Towards Precise Intent-Aligned VLA Aerial Navigation via Expert-Guided GRPO
1Zhejiang University 2Differential Robotics
*Equal contribution; †Corresponding author.
Abstract
Vision-Language-Action (VLA) models offer a promising end-to-end paradigm for unmanned aerial vehicles (UAVs) to accomplish complex tasks specified by fine-grained instructions. However, standard supervised fine-tuning (SFT) suffers from data scarcity, limited generalization, and weak supervision for nuanced and complicated human intents. Reinforcement fine-tuning offers a natural way to mitigate these challenges and align policy behaviors with human intents through designable feedback, but applying it to aerial navigation remains challenging due to inefficient exploration in expansive continuous spaces. To address these challenges, we introduce an efficient reinforcement learning (RL) framework for VLA-based aerial navigation. At its core, we propose EG-GRPO (Expert-Guided Group Relative Policy Optimization) to augment online rollouts with few-shot expert data. Additionally, we design a heterogeneous pipeline enabling parallel simulation and inference, which reduces rollout time by 43.5%. Across multiple tasks specified by complex human intents, EG-GRPO improves the success rate to 2.13× that of the SFT baseline, while improving intent alignment performance by 60.9%. These results demonstrate that our framework can move aerial navigation toward precise intent-aligned flight.
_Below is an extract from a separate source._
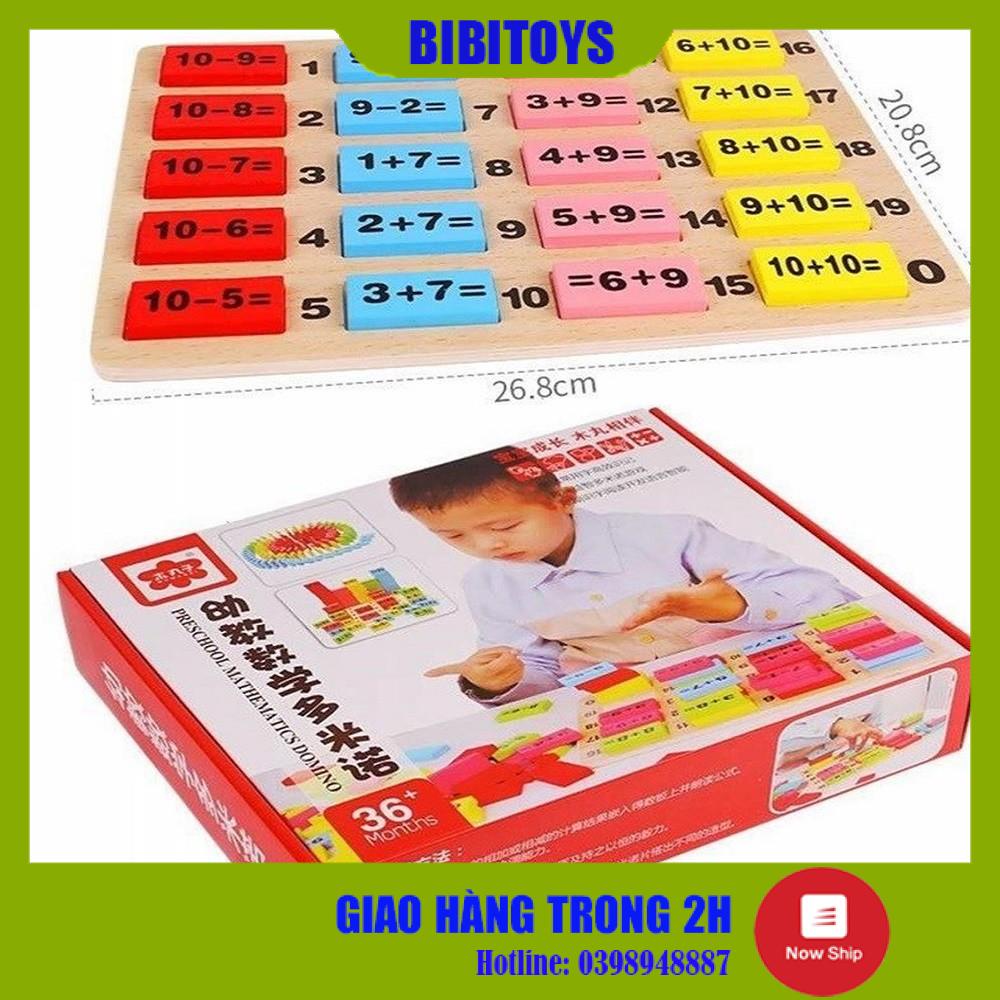 Đồ chơi Bộ học Toán kiêm chơi Domino 110 chi tiết gỗ thông an toàn cho bé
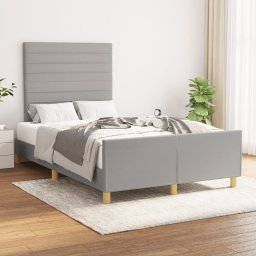 Gossi cadru de pat cu tablie, gri deschis, 120x200 cm, textil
Our videos are available on Intent-Aligned_AerialNav, code will be released soon.
Simulation Demos
Real-World Demos
More demos coming soon...
Method Highlights
EG-GRPO Training Pipeline
Initializes UAV navigation from SFT, then injects few-shot expert trajectories into GRPO groups to provide stable trajectory-level rewards for intent-aligned policy updates.
Heterogeneous Parallelization of Inference and Simulation
Decouples Isaac Lab rollout and VLA inference with double-buffered task groups across L20 and A100 hardware, reducing rollout idle time and accelerating online RL.